話は、魔女の罠にかかり囚われたヤモリが、隣国の王子に化けさせられ、人間の世界に放り出されるところから始まる。
王子は大いに悲しみ、魔女に懇願する、「どうかヤモリに戻してください」。
ちょっと意地悪な魔女は王子に約束する。
「お前が王女とキスを交わすことができたら元の姿に戻してやろう」、と。
それからいろいろあって、本当に王子は王女と恋に落ちる。そして打ち明けるのだ。
「ぼくは、あなたとキスをするとヤモリになってしまう!」
「まあ」
王女は大いに驚き、けれど、悲しまなかった。
すぐにちゅっと口付けをして、途端ヤモリになった王子を見て、王女は叫んだ。「―― まあ、なんて素敵なの!」。

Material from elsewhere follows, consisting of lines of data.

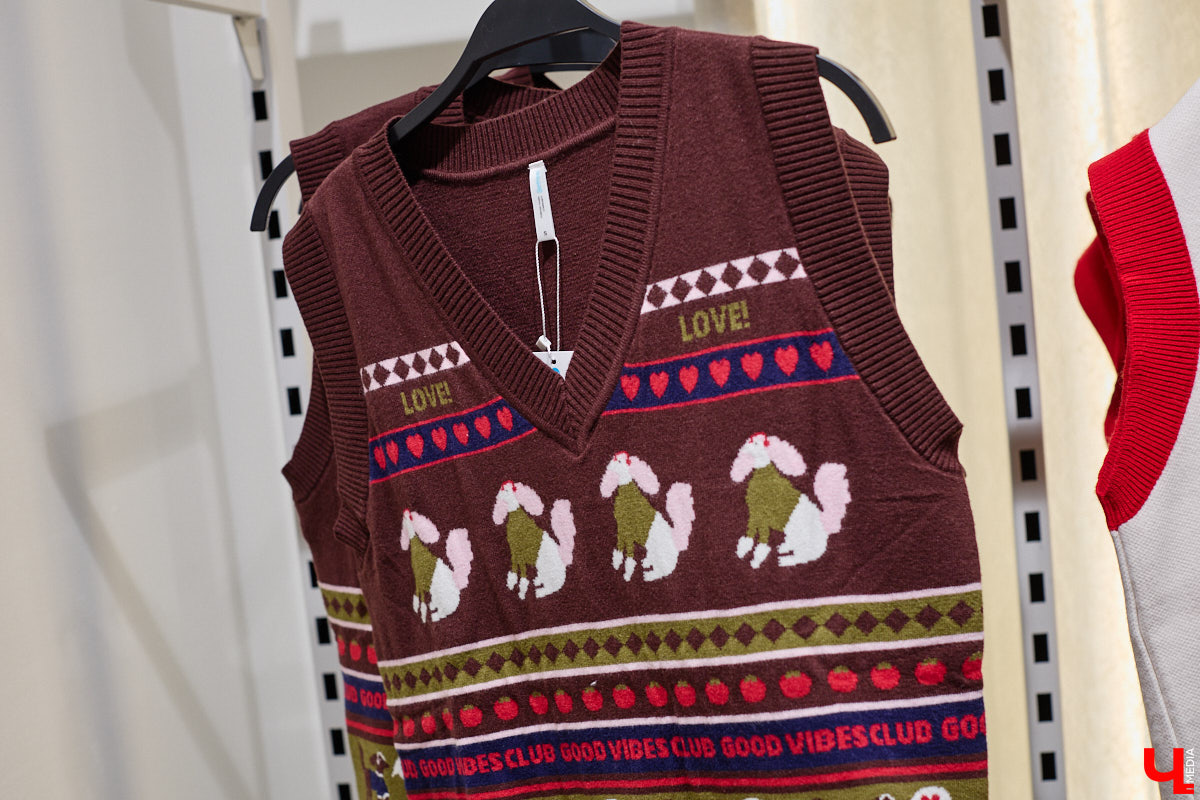 Теплый свитер имеет шанс стать изюминкой любого образа. Модницы и фешен-эксперты давно не считают данный предмет гардероба скучным и не боятся экспериментировать с ним. Владимирский стилист Анна Трубова точно знает, какой актуальный цвет и фасон выбрать в 2026 году, а также как по-новому применить вязаное изделие и чем его дополнить.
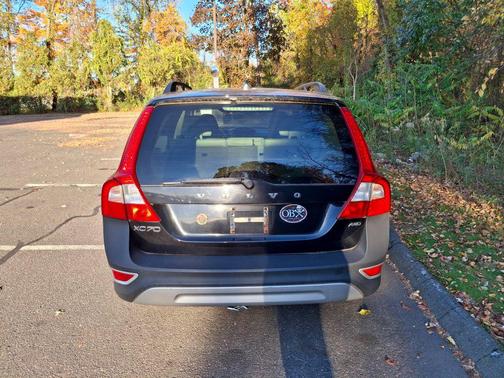 Black Sapphire Metallic 2012 Volvo XC70 3.2 Premier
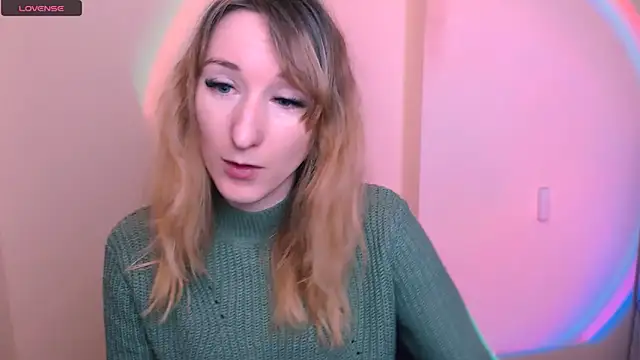 Snapshot of AmandaSell chatting on November 30, 9:46 am AmandaSell online show from November 30, 9:46 am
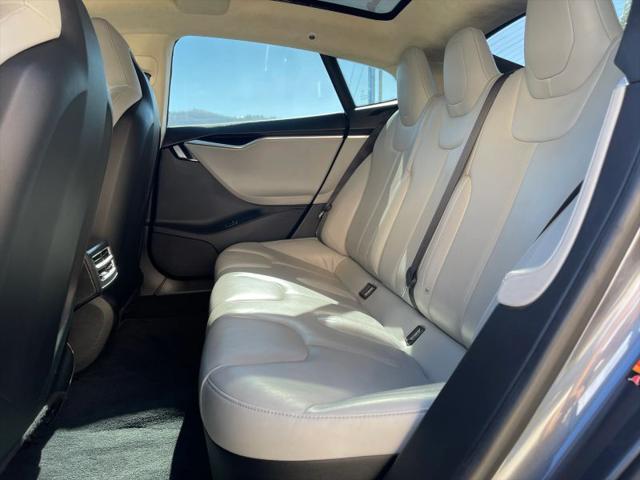 2015 Tesla Model S P85D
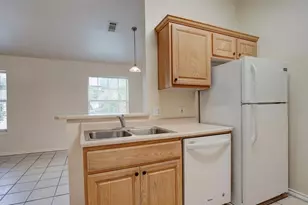 427 Lindsey St, San Marcos, TX 78666 - Photo 7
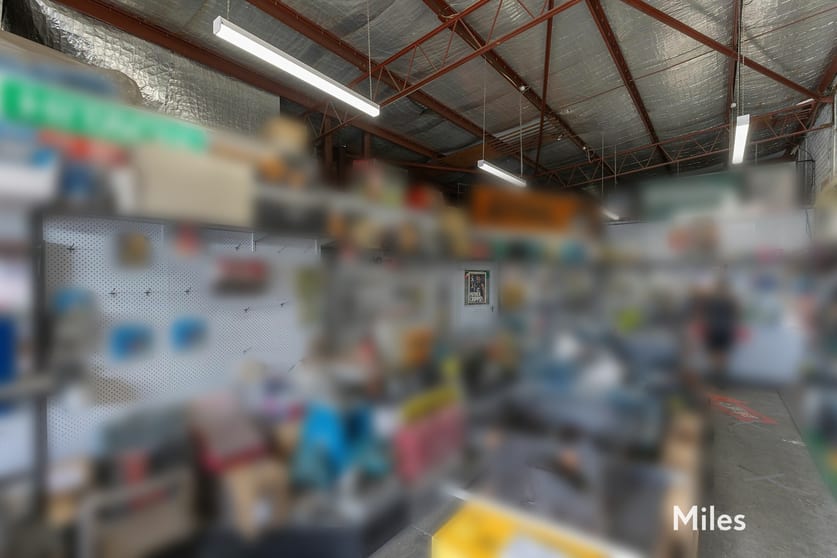 Click to view all images 1 & 2/22 Helen Street Heidelberg West VIC 3081 - Image 3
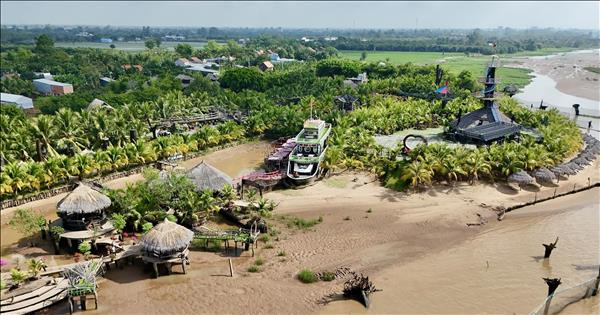 Driftwood museum in middle of Tien River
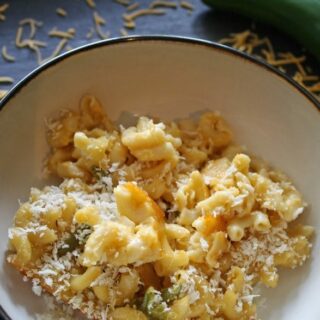 Baked Jalapeno Macaroni and Cheese | www.honeyandbirch.com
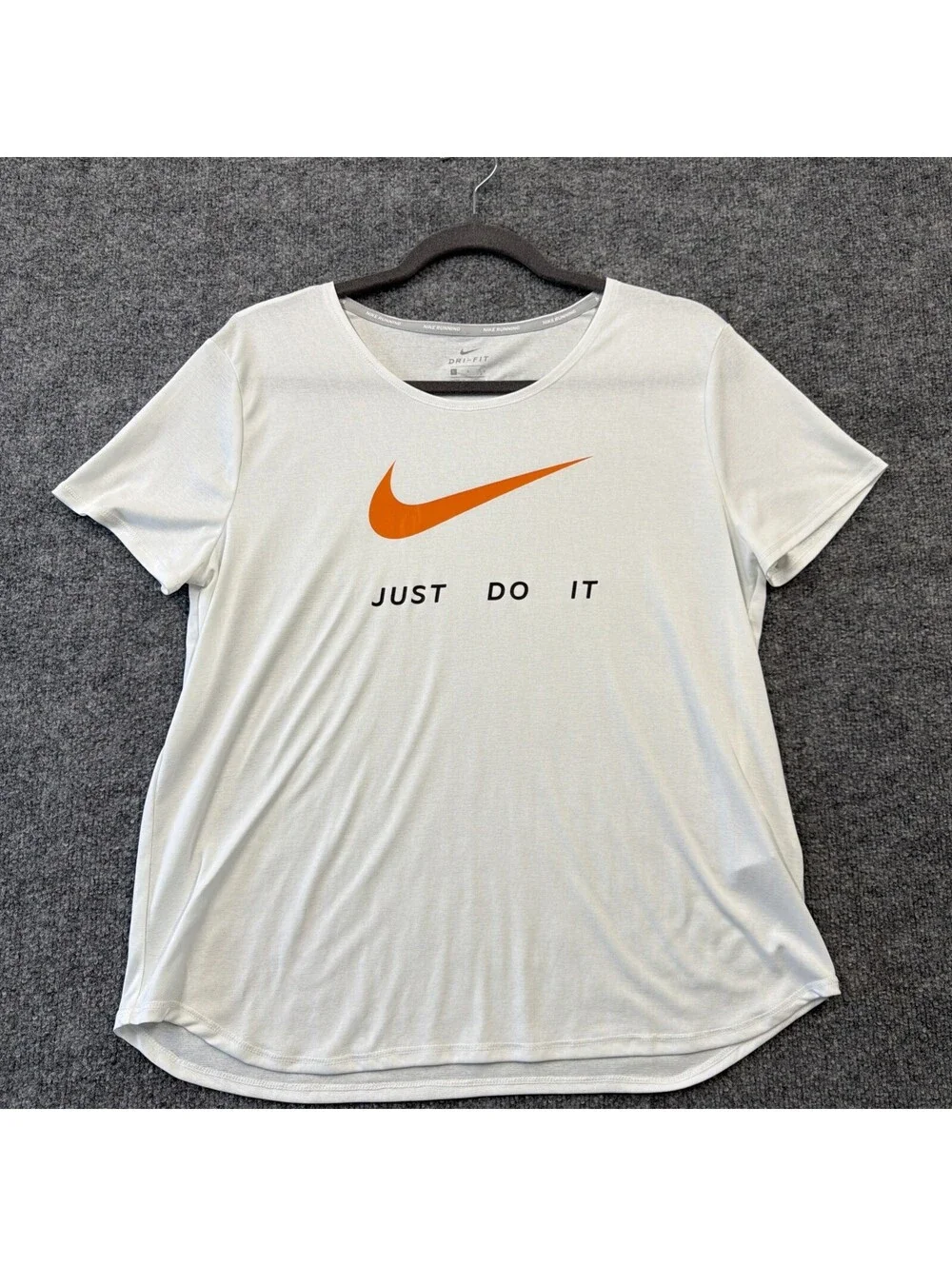 Nike Women’s Running Dry Fit T-Shirt Large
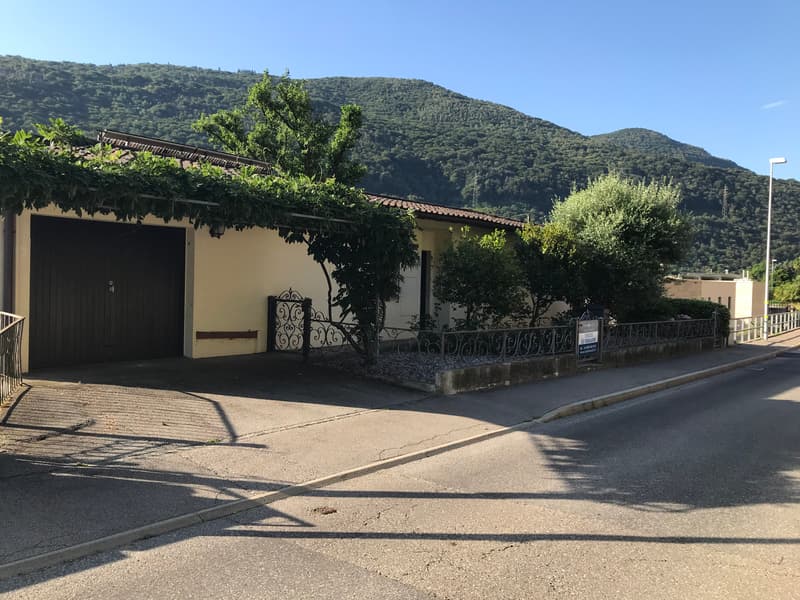 NUOVO PREZZO - OCCASIONE UNICA - AMPIA CASA UNIFAMILIARE - 5.5 LOCALI CON GIARDINO (1)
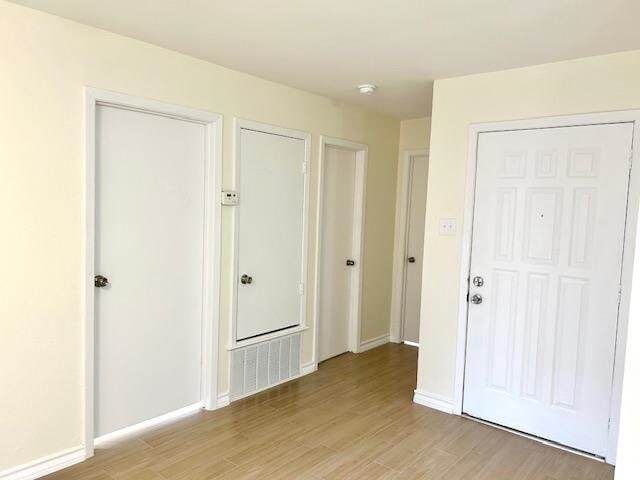 Building Photo - 100 Hillside Rd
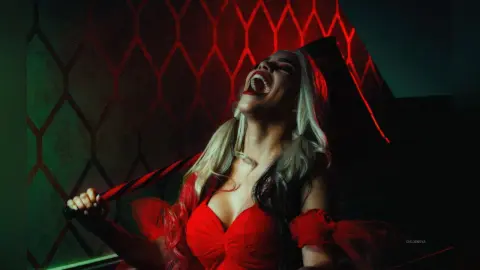 ChloeNova — HARLEY QUINN🎭🖤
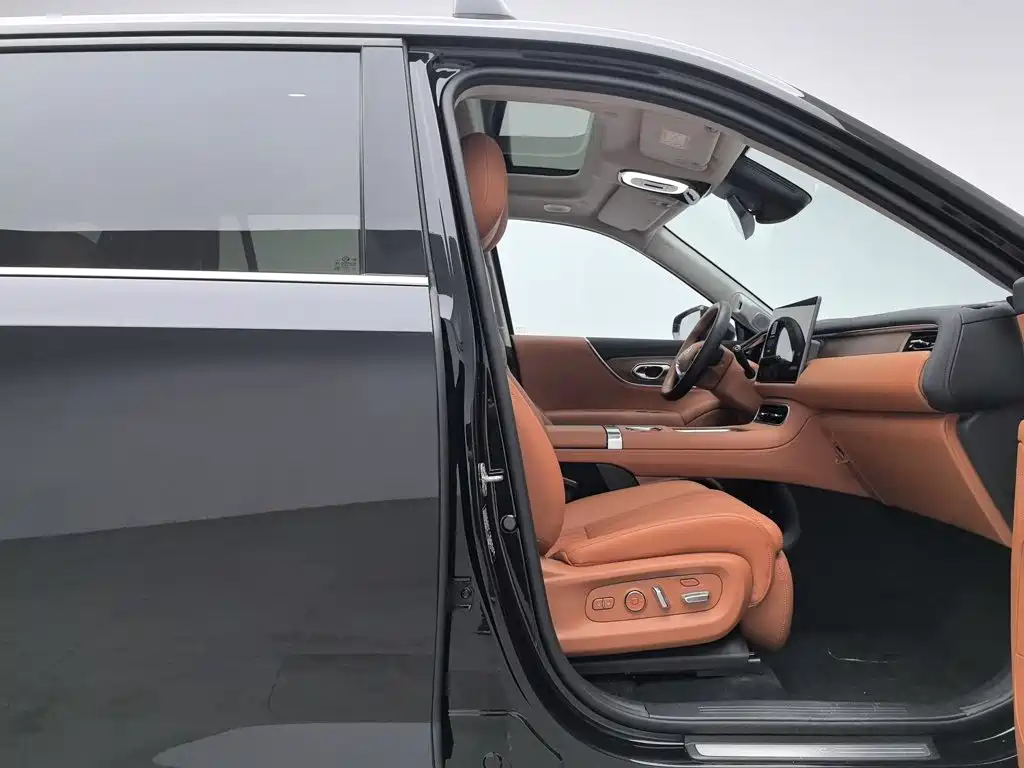 GAC Motor Trumpchi Xiangwang S9 — миниатюра 23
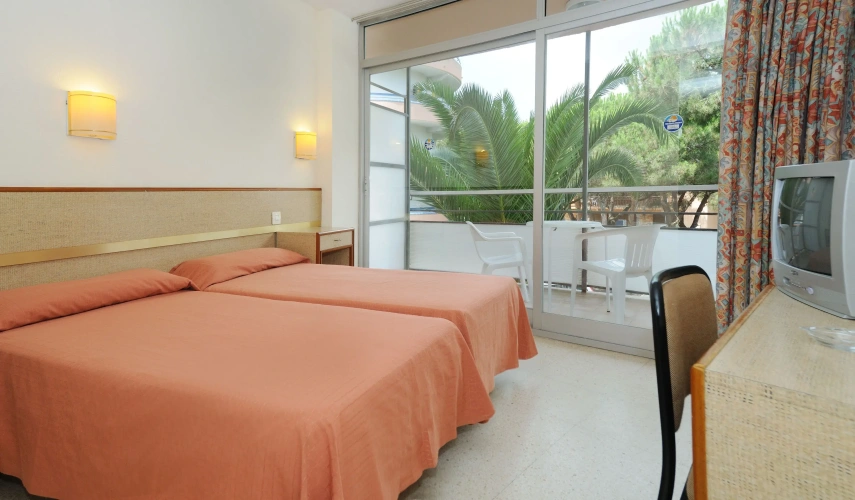 Standard Double Family room with balcony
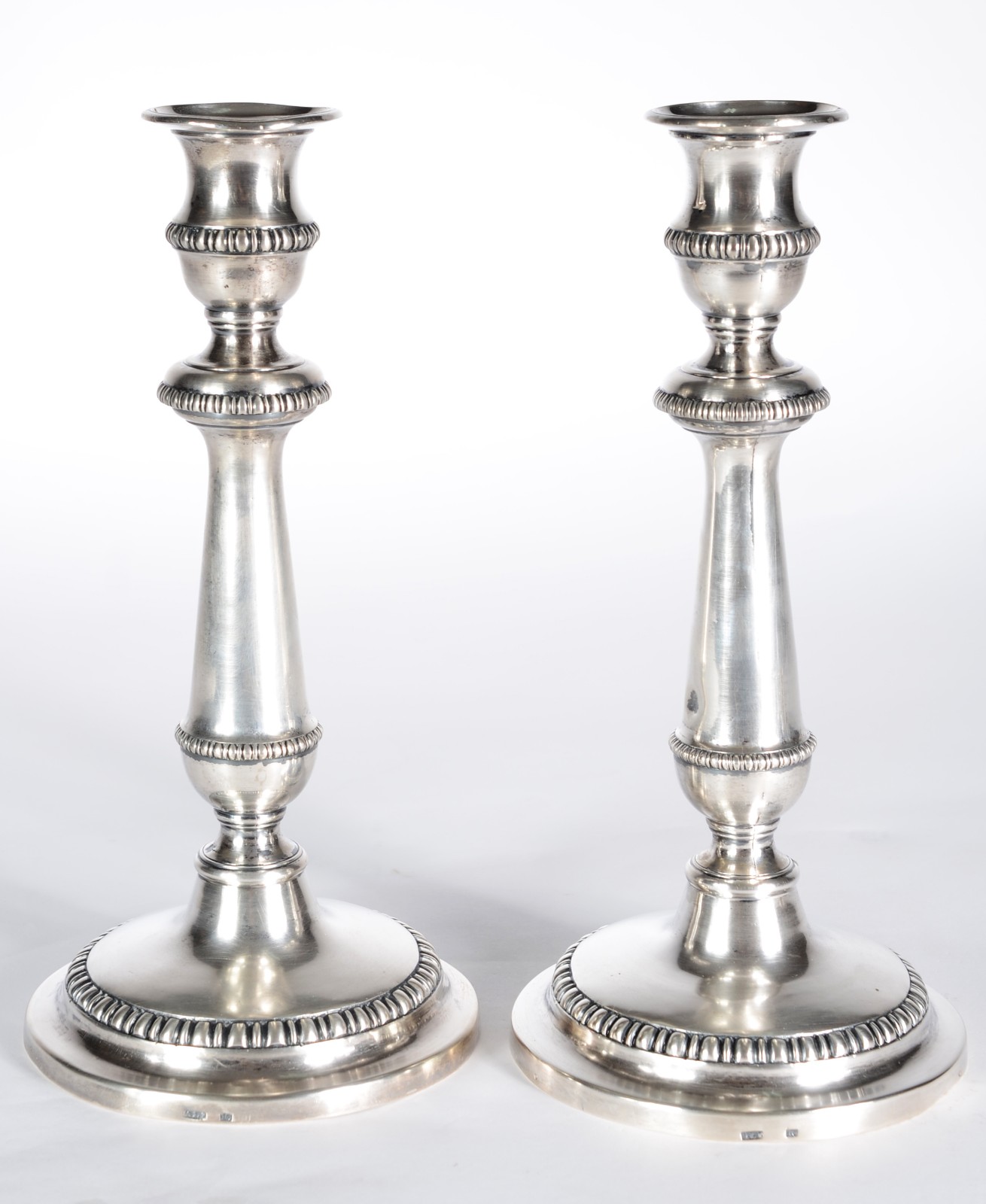 Par de candelabros de prata para 3 velas cada, contraste 10... - foto 6 de 10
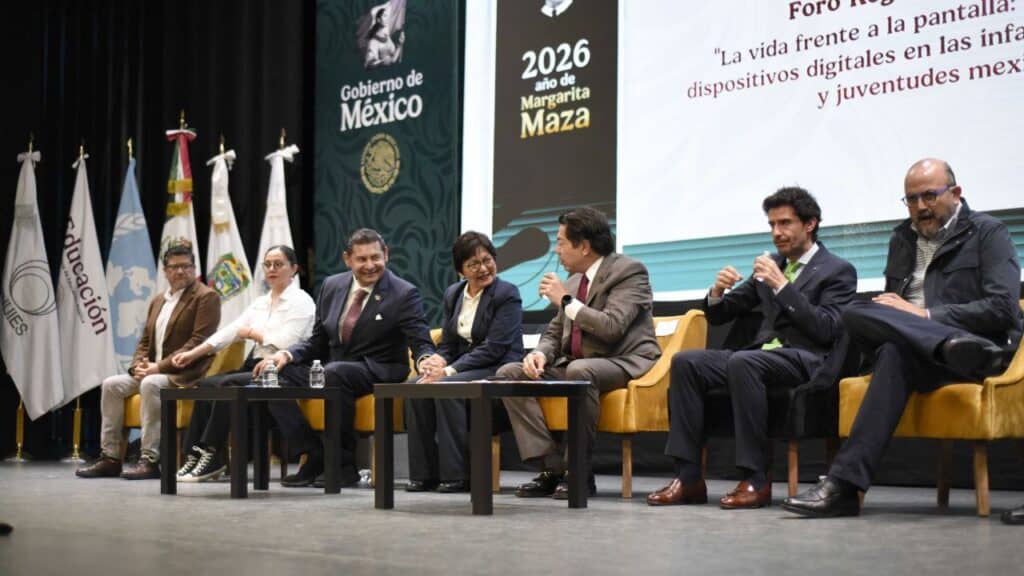 BUAP analiza impacto de dispositivos digitales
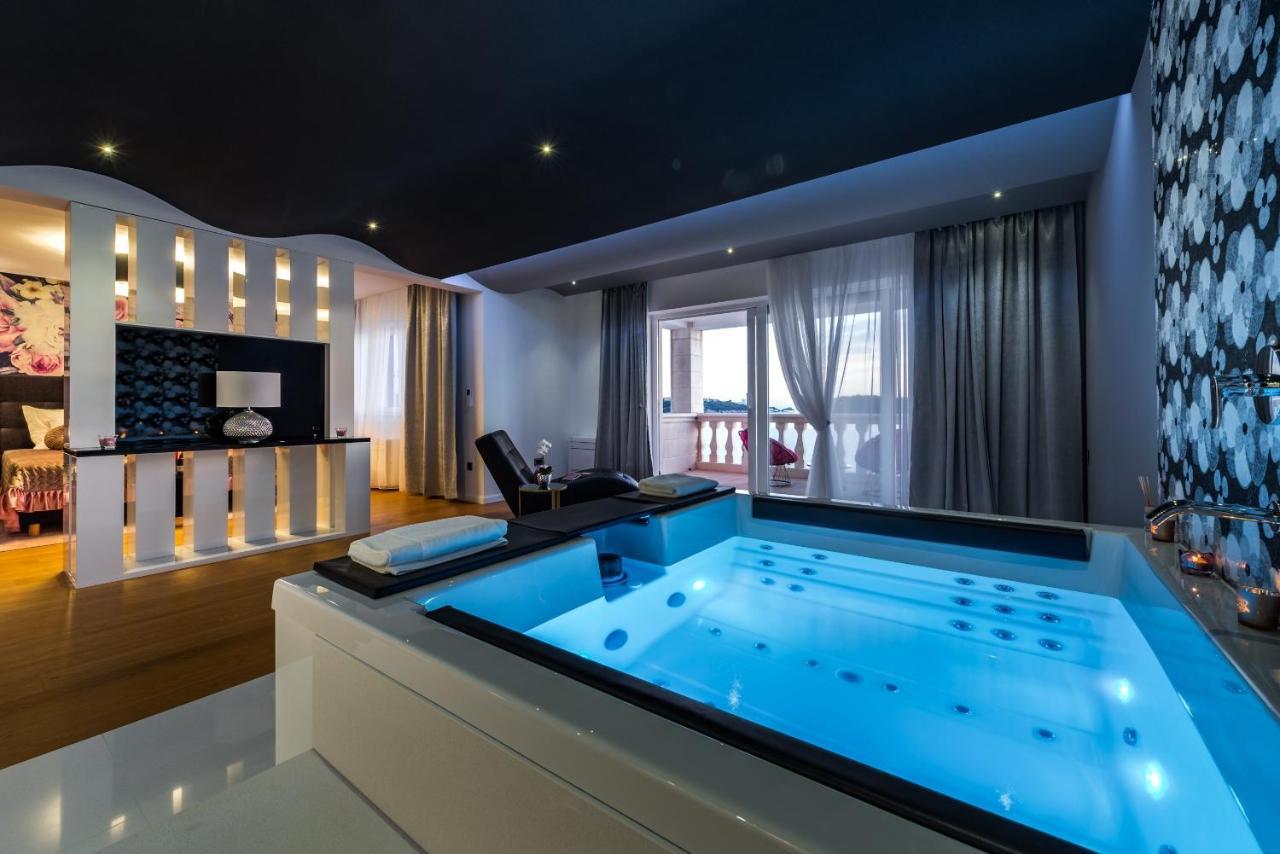 Villa Adore Lozica Villa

二人から一匹と一人になっても、王子と王女は何度もキスを交わした。
面白くないのは、その様子を水晶玉を通して見ていたちょっと意地の悪い魔女である。
タクトを一振りし、ヤモリを一生王子の姿のままにする魔法をかけてやった。
高笑いをする魔女の顔のアップ、水晶玉の中でこっそり抱き合う二人、その横にめでたしめでたしという文字があり、話は結びとなる。
ノンノが、ぜいぜいと荒い息を吐いている。
五回ほど同じ話を所望した結果、疲弊してしまったようだった。楽しくてつい。申し訳ない。
その横で、セシアは一人絵本をめくる。
最後のページを開いた。
水晶玉の中で抱き合ってる二人の、表情がなぜか気にかかってしまう。
王女は幸せそうにほほえみ、王子は涙を流している。対照的だ。
もちろん、幸せなときにも涙は流れるものだとセシアは知っている。けれど、この場合もそうなのかどうか。
題名に作者の意図を深読みしたくなるのは、大人の脳みそが働いている証拠のように思う。
厄介だった。
真っ白に近い五歳の子どもの脳みそでないということは、スポンジのように吸収する、というわけにはいかないということだ。
言葉、とくに書かれた文章を読むことについてはこの先、前途多難な予感がする。
そして、ちらりと気になったのはこの世界についてだった。
この絵本もほかの絵本にも当たり前のように魔法が登場する。
もしかして、この世界、魔法がある世界なのだろうか。
疑問はこのほんの少しあとに、紐解かれることになる。